[Opening Data for this task section]
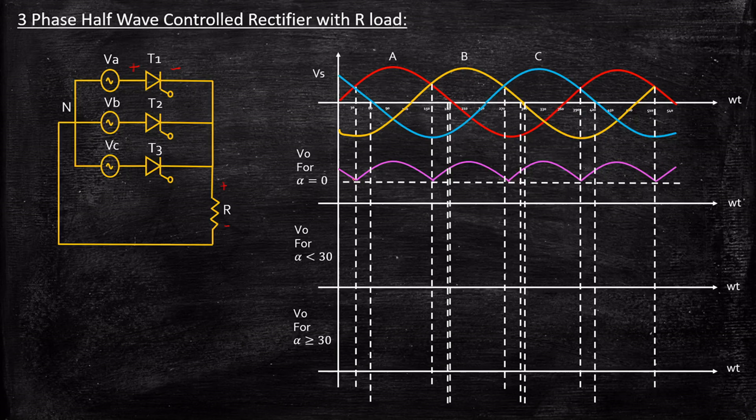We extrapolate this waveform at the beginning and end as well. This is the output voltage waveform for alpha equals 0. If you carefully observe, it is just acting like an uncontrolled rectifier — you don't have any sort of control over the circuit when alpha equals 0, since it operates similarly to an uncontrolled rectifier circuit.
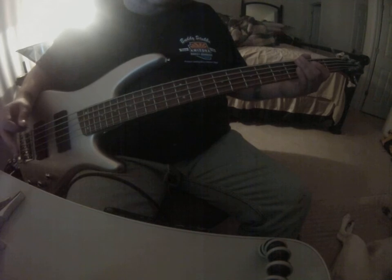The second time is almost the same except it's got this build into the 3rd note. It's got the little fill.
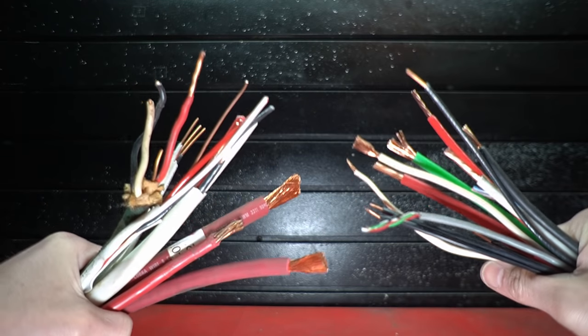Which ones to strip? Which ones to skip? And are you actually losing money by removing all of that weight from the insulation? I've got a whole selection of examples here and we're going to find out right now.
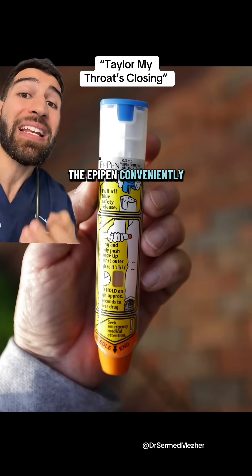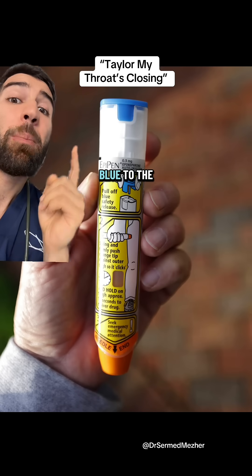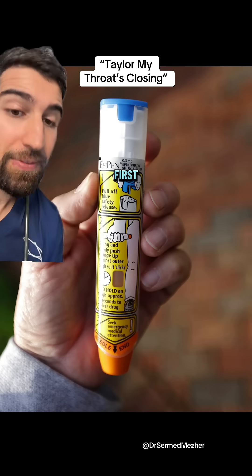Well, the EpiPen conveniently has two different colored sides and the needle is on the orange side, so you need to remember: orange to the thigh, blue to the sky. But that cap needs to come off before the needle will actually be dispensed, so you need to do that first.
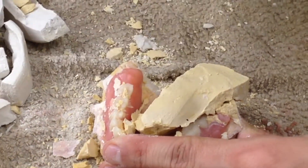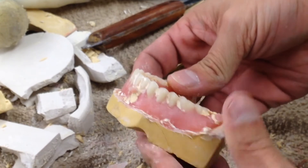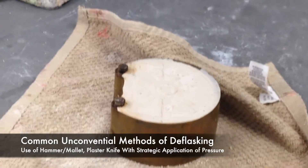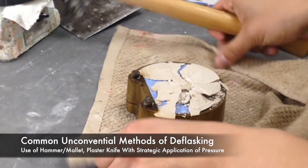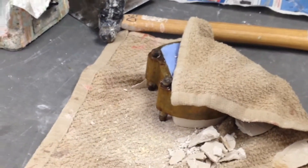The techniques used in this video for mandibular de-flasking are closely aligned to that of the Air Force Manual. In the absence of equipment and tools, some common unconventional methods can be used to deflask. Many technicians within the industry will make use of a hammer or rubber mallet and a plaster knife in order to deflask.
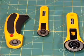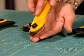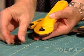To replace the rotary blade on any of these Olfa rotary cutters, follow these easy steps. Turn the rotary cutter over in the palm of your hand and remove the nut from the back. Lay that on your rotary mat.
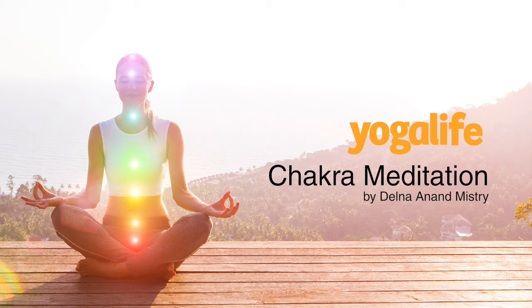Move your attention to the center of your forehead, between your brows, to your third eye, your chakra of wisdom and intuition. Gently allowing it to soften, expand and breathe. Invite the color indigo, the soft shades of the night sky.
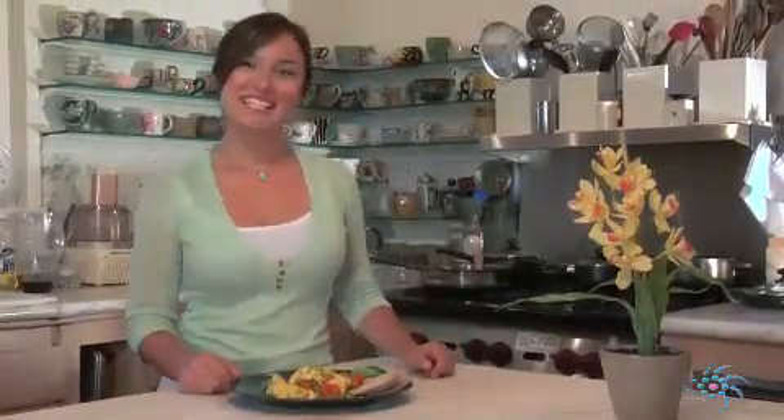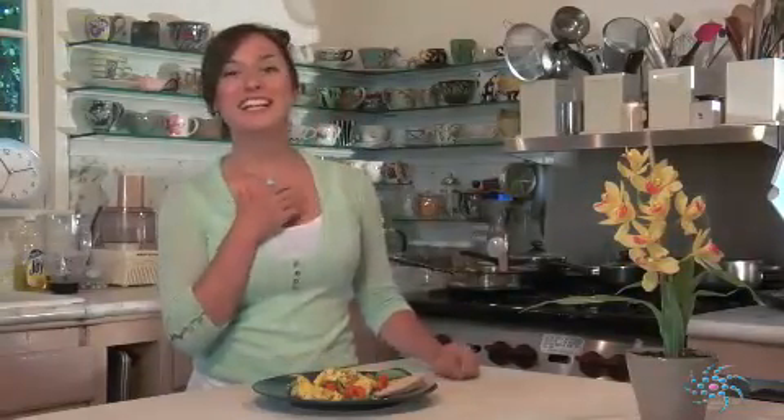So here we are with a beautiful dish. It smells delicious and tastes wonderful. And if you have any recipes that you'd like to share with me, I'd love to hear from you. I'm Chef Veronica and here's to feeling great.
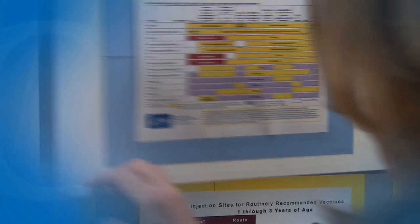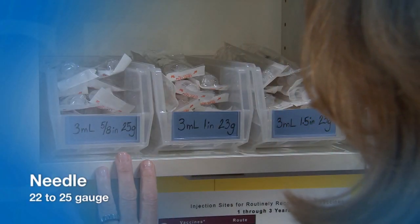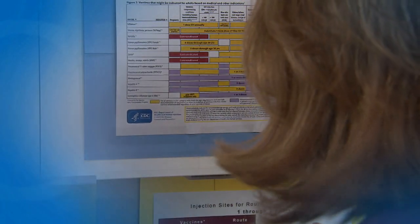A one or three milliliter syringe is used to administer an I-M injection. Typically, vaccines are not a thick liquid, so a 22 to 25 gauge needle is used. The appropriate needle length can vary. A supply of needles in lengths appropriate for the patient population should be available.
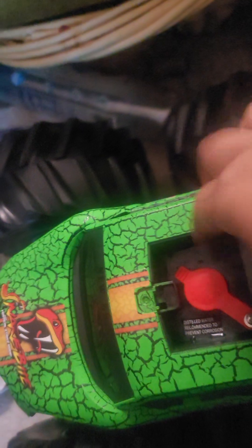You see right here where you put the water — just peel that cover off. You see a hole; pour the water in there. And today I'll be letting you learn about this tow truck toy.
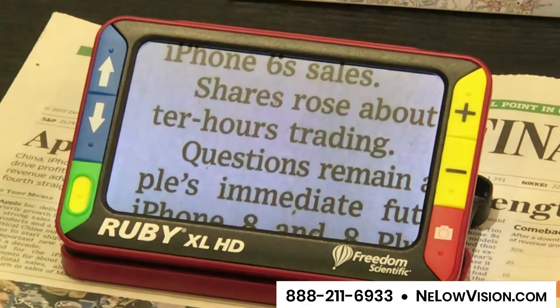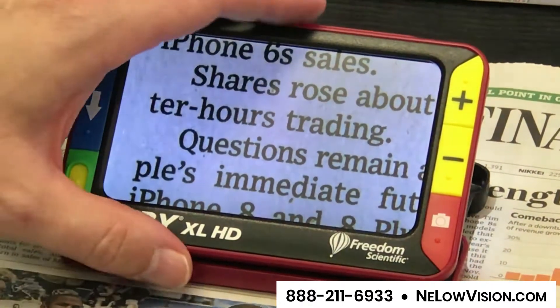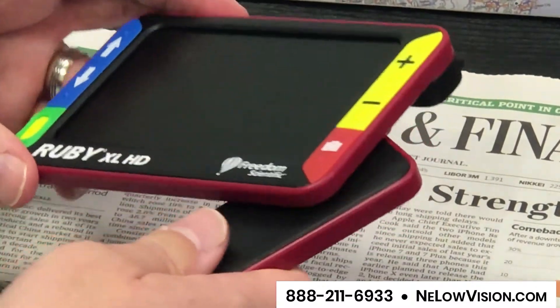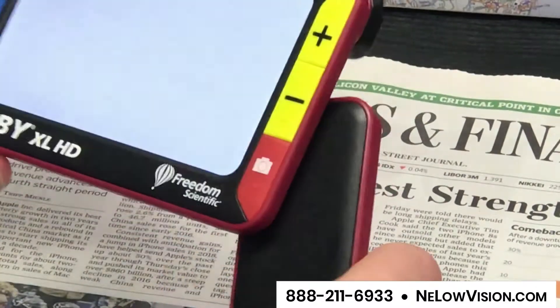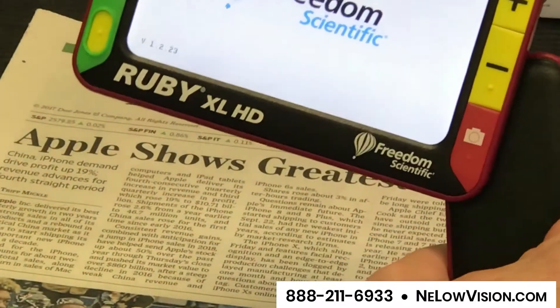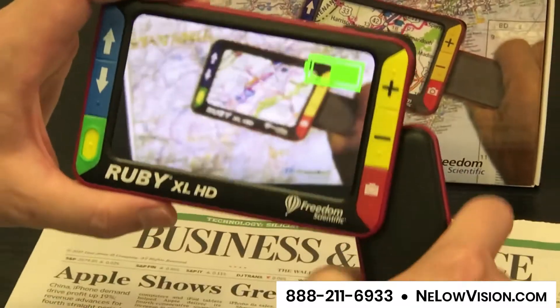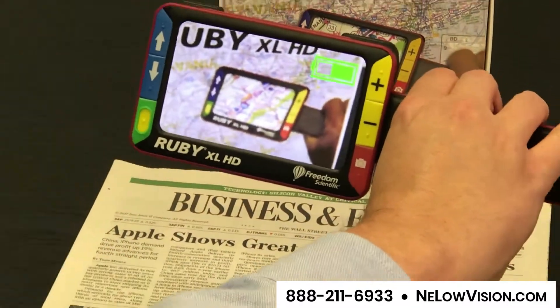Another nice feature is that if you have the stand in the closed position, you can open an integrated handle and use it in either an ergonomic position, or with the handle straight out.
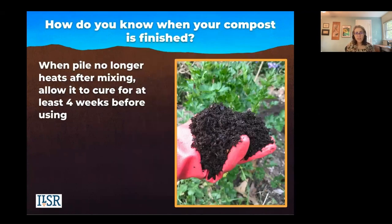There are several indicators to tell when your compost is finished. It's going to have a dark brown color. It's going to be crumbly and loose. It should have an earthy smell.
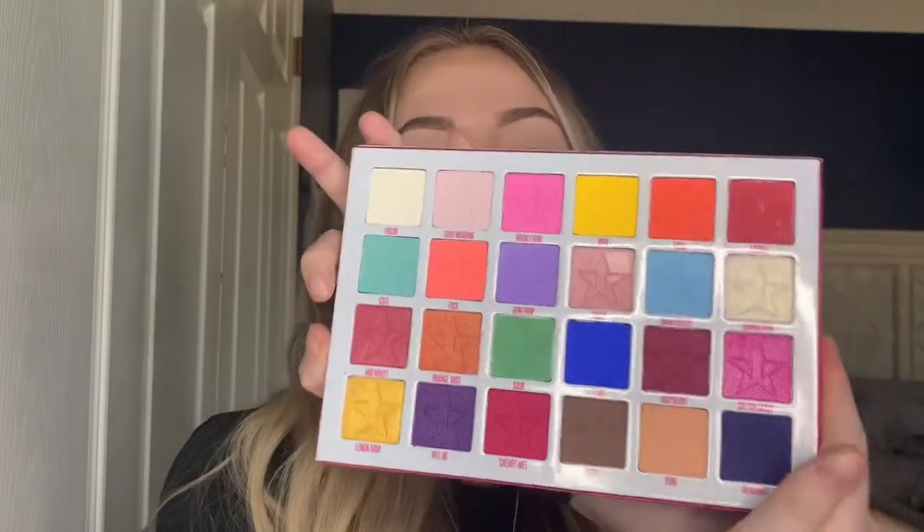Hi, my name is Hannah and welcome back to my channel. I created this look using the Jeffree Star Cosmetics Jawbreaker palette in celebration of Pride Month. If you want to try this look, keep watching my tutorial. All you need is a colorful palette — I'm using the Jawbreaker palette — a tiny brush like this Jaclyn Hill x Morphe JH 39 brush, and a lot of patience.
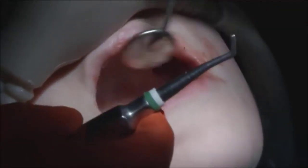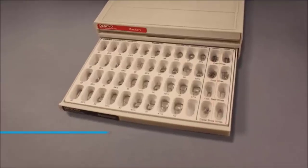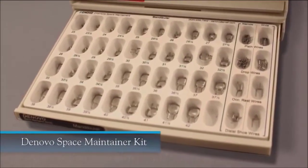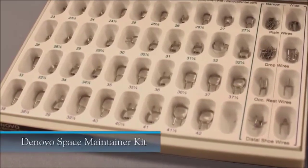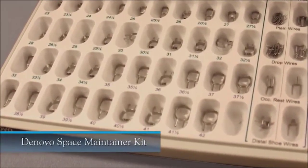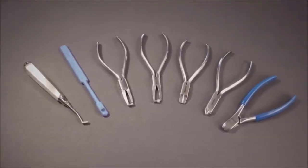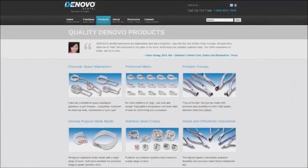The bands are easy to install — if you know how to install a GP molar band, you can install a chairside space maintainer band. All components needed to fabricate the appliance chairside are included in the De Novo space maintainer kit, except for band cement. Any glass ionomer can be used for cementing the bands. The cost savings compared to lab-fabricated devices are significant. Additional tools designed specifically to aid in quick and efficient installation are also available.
[Closing Data for this task section]
**Work request**
The line containing "The second time" marks the end: transcribe every line from the start of the listing up to and including it, minus the pictures.

**Exercise result**
We extrapolate this waveform at the beginning and end as well. This is the output voltage waveform for alpha equals 0. If you carefully observe, it is just acting like an uncontrolled rectifier — you don't have any sort of control over the circuit when alpha equals 0, since it operates similarly to an uncontrolled rectifier circuit.
The second time is almost the same except it's got this build into the 3rd note. It's got the little fill.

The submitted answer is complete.